Look for the long form interview I did with Pádraig Ó Tuama in the latest edition of the Australian magazine, Dumbo Feather. The theme is courage and he talks about hosting dialogue in rooms where people are bitterly divided. His insights are highly relevant in this moment with a federal election result for which nobody was prepared, including the winners. The threat hovers in Australia – division between city and country, left and right, and despair over climate change. We need more than ever the capacity for dialogue in difference. There is such wisdom and experience in Pádraig’s work at Corrymeela where difficult conversations are held. Pádraig was the director of Corrymeela for the last five years. There is a lot of gold in the interview, here is just one piece of it…
PADRAIG : Probably people know the room is going to be discussing something of division. Presumably people have a predictable set of outcomes in their mind. “I bet you this group or this person will say the following thing.” And they might even have their responses primed and prepared for the thing that they’re predicting. I’m always interested in how we find the courage in the room for something unexpected and surprising to be said; where people might go: “I don’t know what I think of that, because I haven’t thought of that before.”And that’s more difficult than shouting pre-prepared insults at each other.
Pádraig O Tuama with Julie Perrin DUMBO FEATHER ISSUE 59
JULIE Yes, and you mentioned, when you’re sitting with groups of deeply divided people, the importance of coming from a deep sense of self. I’ve wondered whether your early experiences as a gay man in the unsafe territory of ultra-conservative Christian church groups developed these capacities in you for courageous conversations . I think of the times you’ve spoken of when those groups subjected you to exorcisms. Twenty people yelling at the supposed devil in you. Then the attempts to drag you through the deconstruction of your identity with conversion therapy. Twice. I’m amazed at how you can still speak of the people who did that to you with insight and even humour.

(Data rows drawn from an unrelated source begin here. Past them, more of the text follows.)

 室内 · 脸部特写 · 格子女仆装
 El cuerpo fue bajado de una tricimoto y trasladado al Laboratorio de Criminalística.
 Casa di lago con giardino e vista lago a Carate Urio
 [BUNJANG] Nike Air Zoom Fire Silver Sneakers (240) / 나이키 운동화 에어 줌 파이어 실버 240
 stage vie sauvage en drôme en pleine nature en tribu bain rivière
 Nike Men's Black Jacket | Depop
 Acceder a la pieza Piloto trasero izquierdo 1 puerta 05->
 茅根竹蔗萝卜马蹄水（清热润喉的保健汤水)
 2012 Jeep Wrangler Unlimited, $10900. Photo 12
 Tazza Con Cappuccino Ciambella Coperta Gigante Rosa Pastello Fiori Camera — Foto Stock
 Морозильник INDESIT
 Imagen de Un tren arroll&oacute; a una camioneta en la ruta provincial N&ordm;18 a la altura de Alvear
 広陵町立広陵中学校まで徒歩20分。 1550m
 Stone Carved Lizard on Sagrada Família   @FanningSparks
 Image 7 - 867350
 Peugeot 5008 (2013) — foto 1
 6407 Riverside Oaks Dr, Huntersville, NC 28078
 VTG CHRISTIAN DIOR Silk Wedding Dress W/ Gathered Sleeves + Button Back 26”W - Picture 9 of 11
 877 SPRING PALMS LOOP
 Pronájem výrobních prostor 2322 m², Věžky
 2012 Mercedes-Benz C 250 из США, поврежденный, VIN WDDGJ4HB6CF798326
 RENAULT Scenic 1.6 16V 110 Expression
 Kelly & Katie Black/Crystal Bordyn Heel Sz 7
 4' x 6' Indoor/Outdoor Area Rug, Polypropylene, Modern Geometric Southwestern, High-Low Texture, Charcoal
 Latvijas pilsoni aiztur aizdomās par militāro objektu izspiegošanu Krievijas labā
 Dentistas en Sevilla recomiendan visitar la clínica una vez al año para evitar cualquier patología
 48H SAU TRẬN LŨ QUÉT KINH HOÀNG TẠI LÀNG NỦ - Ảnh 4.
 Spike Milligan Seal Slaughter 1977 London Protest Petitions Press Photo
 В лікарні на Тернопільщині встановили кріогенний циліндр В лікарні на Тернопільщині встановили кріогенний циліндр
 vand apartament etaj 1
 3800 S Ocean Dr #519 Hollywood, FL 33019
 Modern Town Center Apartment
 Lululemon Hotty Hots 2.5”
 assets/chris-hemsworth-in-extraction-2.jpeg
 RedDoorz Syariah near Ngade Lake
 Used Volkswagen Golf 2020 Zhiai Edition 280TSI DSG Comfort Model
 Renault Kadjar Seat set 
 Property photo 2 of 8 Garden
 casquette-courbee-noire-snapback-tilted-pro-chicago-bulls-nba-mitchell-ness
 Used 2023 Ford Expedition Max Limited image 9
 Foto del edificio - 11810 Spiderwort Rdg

Do you feel that having survived this harrowing time is part of your capacity to be grounded in who you are and to speak from a very deep truth?
PADRAIG : Well I certainly look to those experiences. The years and years of silence, of being gay and knowing I had no one to talk to; and then in a very awkward way it being forced out of me and then going through therapy and exorcisms, so-called therapy I should say…
I suppose I look at all of those as a profound schooling in fear. My guess is that a very significant percentage of the population have a schooling in fear. So there are people who’ve said, “Oh I haven’t suffered that much in my life,” some of that is due to luxury and privilege. Some of that is due to disposition and circumstance. But I’ve met a lot of people who have had a profound schooling in fear — and that teaches you an enormous amount. The thing about it that even though a huge amount of people have had such a schooling, it always feels isolating. Ha! Fear always makes you feel alone. My experience with fear was certainly isolating. Many of the people I’ve met who’ve had a profound experience of fear felt the same.